◆ **Directions for this task**
Return all of the data that follows precisely, leaving every image out.

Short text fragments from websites
= = = = = = =
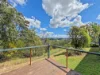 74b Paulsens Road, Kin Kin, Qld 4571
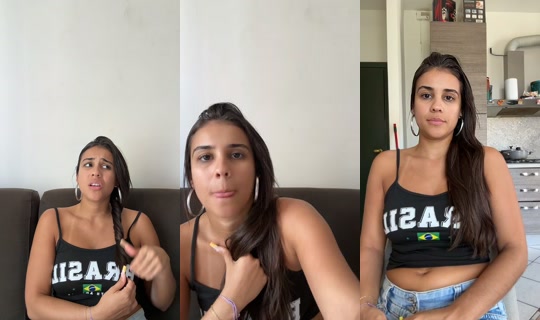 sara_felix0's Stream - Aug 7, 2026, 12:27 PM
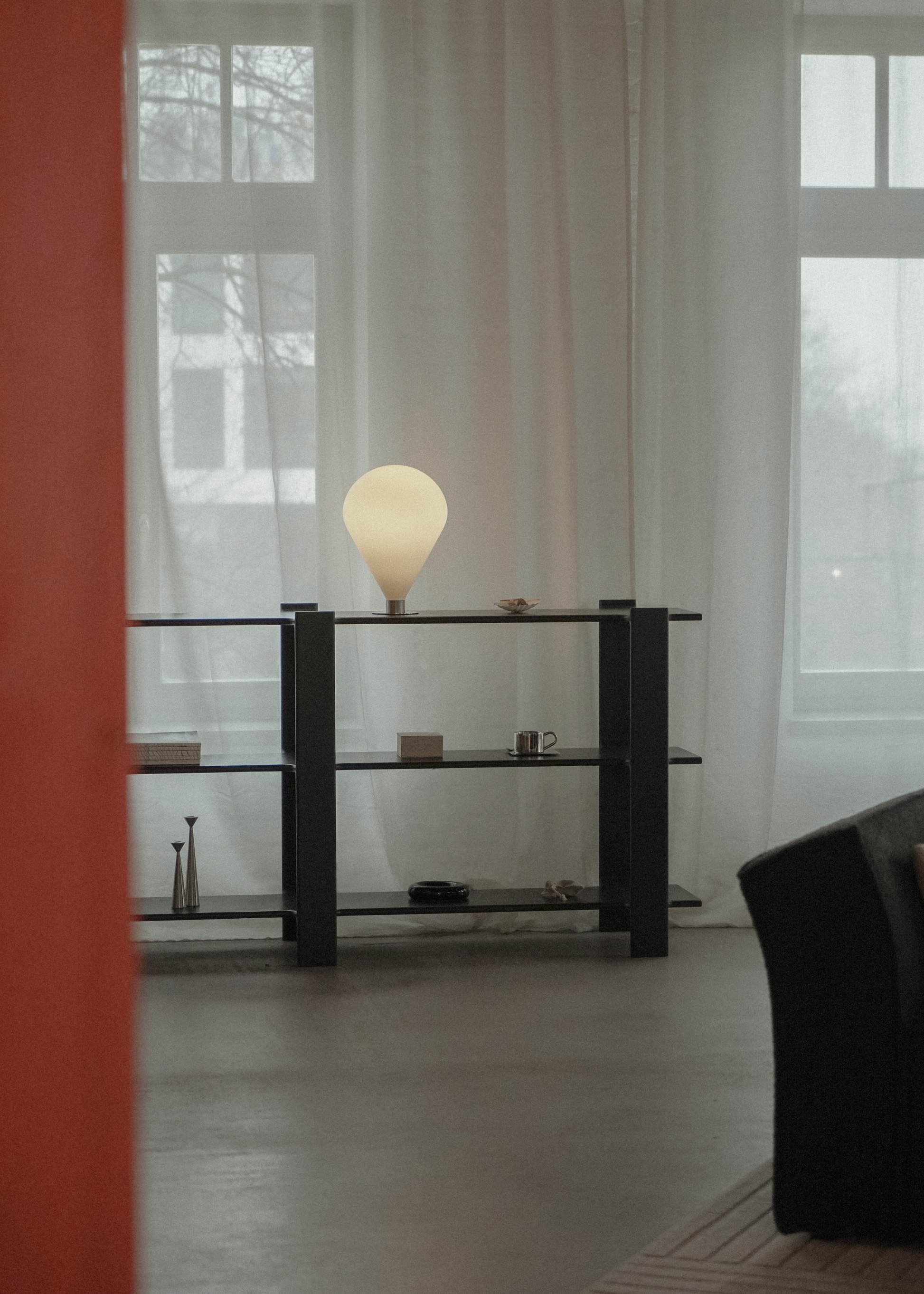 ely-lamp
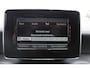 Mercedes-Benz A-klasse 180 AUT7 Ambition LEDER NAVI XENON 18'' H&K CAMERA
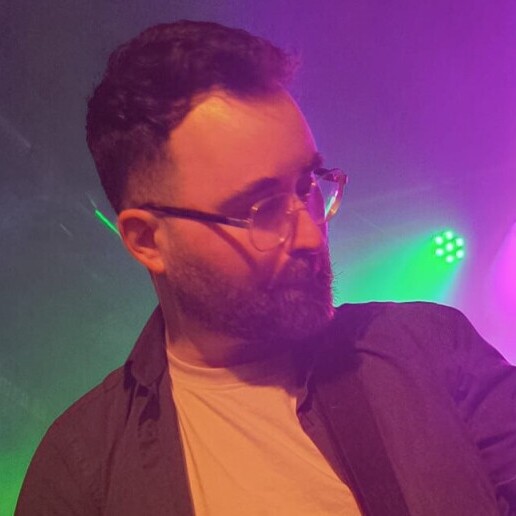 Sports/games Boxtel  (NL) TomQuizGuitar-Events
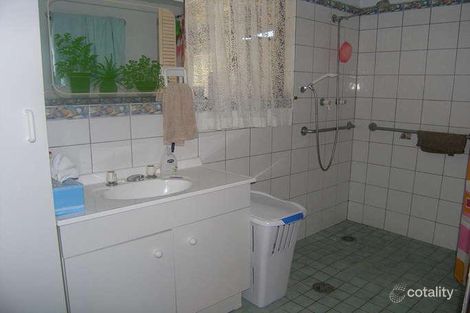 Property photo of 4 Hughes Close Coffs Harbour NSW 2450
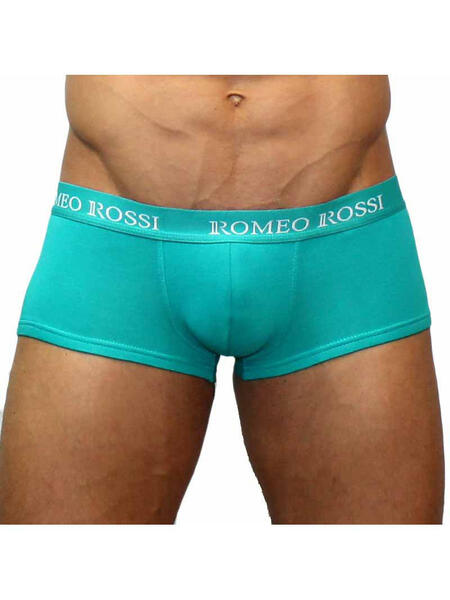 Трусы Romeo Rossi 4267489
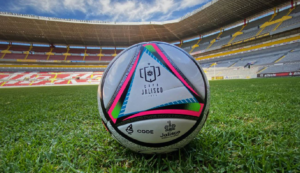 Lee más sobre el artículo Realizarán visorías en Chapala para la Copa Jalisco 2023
= = = = = = =
◆ **Solved exercise**
 74b Paulsens Road, Kin Kin, Qld 4571
 sara_felix0's Stream - Aug 7, 2026, 12:27 PM
 ely-lamp
 Mercedes-Benz A-klasse 180 AUT7 Ambition LEDER NAVI XENON 18'' H&K CAMERA
 Sports/games Boxtel  (NL) TomQuizGuitar-Events
 Property photo of 4 Hughes Close Coffs Harbour NSW 2450
 Трусы Romeo Rossi 4267489
 Lee más sobre el artículo Realizarán visorías en Chapala para la Copa Jalisco 2023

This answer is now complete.